O filme começa em um cenário idílico, numa beira de rio: alguns jovens, crianças e casais se divertem e relaxam numa bela paisagem com um linda vegetação. As pessoas têm uma tonalidade de pele muito clara, uns são loiros, alguns rapazes estão sem camisa. Eles voltam por um bonito caminho no meio do mato.
A casa de um casal do grupo citado acima é grande, bonita, com belos jardins perfeitamente cuidados - lembra um pouco a perfeição dos jardins de "Playtime - tempo de diversão", clássico de Jacques Tati de 1967. As cenas de lugares bonitos com uma linda vegetação também lembram a cidade onde vivem os personagens principais da primeira temporada da série "O conto da aia", baseada no romance homônimo de Margaret Atwood.
O filme em que questão é "Zona de interesse" (direção de Jonathan Glazer, Estados Unidos, Reino Unido e Polônia, 2023, 105 minutos, disponível no Prime Video), e não é nenhuma comédia que debocha da modernidade do final dos anos 1960, como "Playtime", e nem uma história fictícia que ocorre num futuro distópico, como "O conto da aia". O casal que mora na linda e bela casa é formado por Rudolf Höss (vivido por Christian Friedel), que foi o comandante do campo de extermínio de Auschwitz e é considerado por muitos o maior assassino em massa da história, e sua esposa Hedwig Höss (vivida por Sandra Hüller). "Zona de interesse" é baseado numa história tragicamente real.
O principal acontecimento do filme é a tentativa dos superiores de Höss de tirá-lo do cargo de comandante do campo de extermínio, e o desespero dele e da sua mulher, que lutam para a sua permanência no posto.

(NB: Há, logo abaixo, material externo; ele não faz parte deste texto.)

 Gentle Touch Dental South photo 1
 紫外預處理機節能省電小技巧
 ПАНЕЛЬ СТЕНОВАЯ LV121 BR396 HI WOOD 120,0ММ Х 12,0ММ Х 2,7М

O horror do lugar é lembrado só de vez em quando, como quando se ouve o grito de alguns prisioneiros, ou quando se percebe que o comportamento das empregadas de Hedwig Höss é estranhíssimo: elas são judias e basicamente não falam e nem olham para cima. Na maior parte do filme tudo é limpo, organizado, bonito e funcional. É assustador. Não à toa Steven Spielberg acha que "Zona de interesse" é o melhor filme sobre o Holocausto já feito.
Se tudo é assustadoramente limpo e organizado em "Zona de interesse", em "O filho de Saul" (dirigido por László Nemes, Hungria, 2015, 107 minutos) tudo é exatamente o seu contrário: o filme conta a história de Saul Ausländer (Géza Röhrig), um prisioneiro de Auschwitz que trabalha jogando os cadáveres assassinados nas câmaras de gás num crematório, num ritmo de trabalho inumano. Lá pelas tantas Saul acha que um menino que sobreviveu ao gás e foi posteriormente assassinado por um guarda nazista é seu filho, e ele tenta dar um enterro digno e religioso para o garoto. Não vou contar mais para não dar spoiler.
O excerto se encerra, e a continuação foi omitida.